Not that Newby-Fraser hasn't suffered. The problem with seeming
invincible is that eventually everyone believes you are.
Newby-Fraser wonders if, subconsciously, she was trying to show
people they were wrong when while leading the 1995 Hawaii
Ironman with only eight miles left in the run, she started
passing the aid stations without taking food or water. No one
does this; it's the nutritional equivalent of resting your head
on train tracks. Soon a lurching, wobbly Newby-Fraser stopped
thinking. "The only thing I remember," she says quietly, "is
that nobody said, 'Stop.'" So she didn't, not until she was 500
yards from the finish. Moments earlier Smyers had passed her.
Newby-Fraser walked for a minute more. Then she sat down to die.

The sun beat down and supporters crowded in, gently cajoling
her--"Come on, you can do it"--in the way of people who don't
know what to do. Newby-Fraser felt things starting to go black;
she was suffering from dehydration. First her feet disappeared.
Then it was black, black, black up her body. Then someone was
pouring cool water over her head, and Huddle was squatting next
to her, looking into her face. Sick on the inside, he smiled.
"How many times," he said, "have you dreamed of just pulling
over and sitting down?" They both laughed.

When she was ready, Newby-Fraser stood and walked to a
fourth-place finish. "Crawling," she says, "was not an option."

So she isn't invincible, but she's damn close. She returned to
Hawaii in 1996. She led Smyers and Natascha Badmann, a talented
Swiss newcomer, after the swim and the bike but was assessed a
penalty for blocking. Before starting the run Newby-Fraser sat
in the transition area for three minutes. She watched Badmann
and Smyers come and go. She passed Smyers four miles into the
run, Badmann two miles later. Badmann clung to her for the next
seven miles before storming past. Newby-Fraser, a
self-proclaimed "yuppie Buddhist," has integrated certain
Eastern tenets into her life. With a mantra running through her
head--"Now is all there is, now is all there is"--she let
Badmann go. With three miles left, she passed Badmann for good.

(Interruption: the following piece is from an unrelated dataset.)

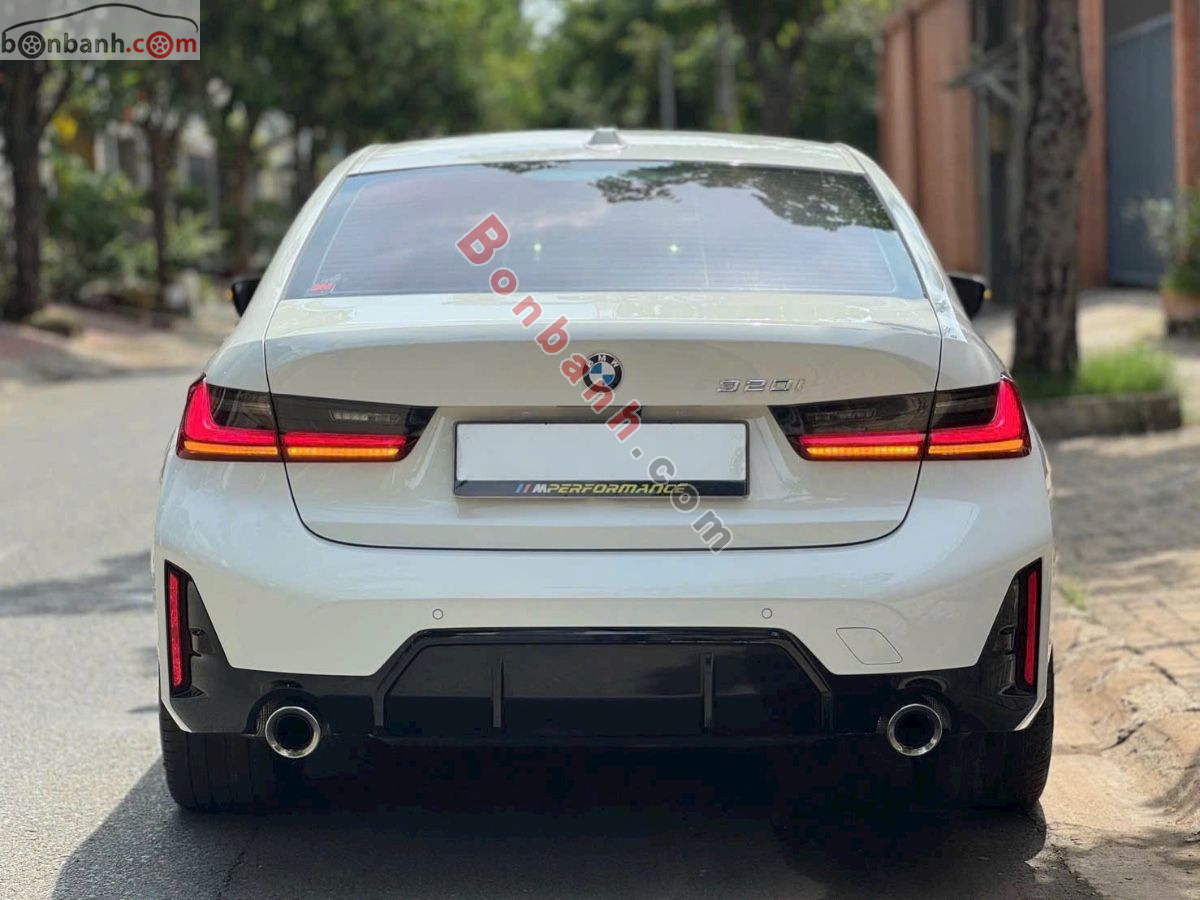 Bán ô tô BMW 3 Series 320i M Sport - 2023 - xe cũ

The sun is lower now as Newby-Fraser and two campers, Don Little
and Julie Kling from New York City, are doing sprints on the
University of Colorado track. They run down the red Tartan. Then
they bend, grab their knees and huff. "Too old," wheezes Little.

"Never too old," says Newby-Fraser.

Another woman is on the track, running with smooth economy.
Newby-Fraser knows her. In Newby-Fraser's absence, Sue Latshaw
won Ironman Europe a few days earlier. "Eight hours, 59
minutes," says Newby-Fraser to no one in particular.

"Is that the record?" Kling asks.

"Uh-uh. I have the record. Eight-fifty."

Kling says something else, but Newby-Fraser doesn't hear. Her
hands are still on her knees, but her head is up and she is
watching.

Freelance writer Ken McAlpine, from Ventura, Calif., is a
frequent contributor to SI.

COLOR PHOTO: PHOTOGRAPHS BY TRACEY FRANKEL Newby-Fraser's recuperative ability has helped her win 21 Ironman titles around the world. [Paula Newby-Fraser bicycling]

TWO COLOR PHOTOS: PHOTOGRAPHS BY TRACEY FRANKEL Newby-Fraser breezed home in Hawaii in '91 (above) but collapsed in '95 and finished fourth. [Paula Newby-Fraser crossing finish line; Paula Newby-Fraser sitting on ground while water is poured over her head]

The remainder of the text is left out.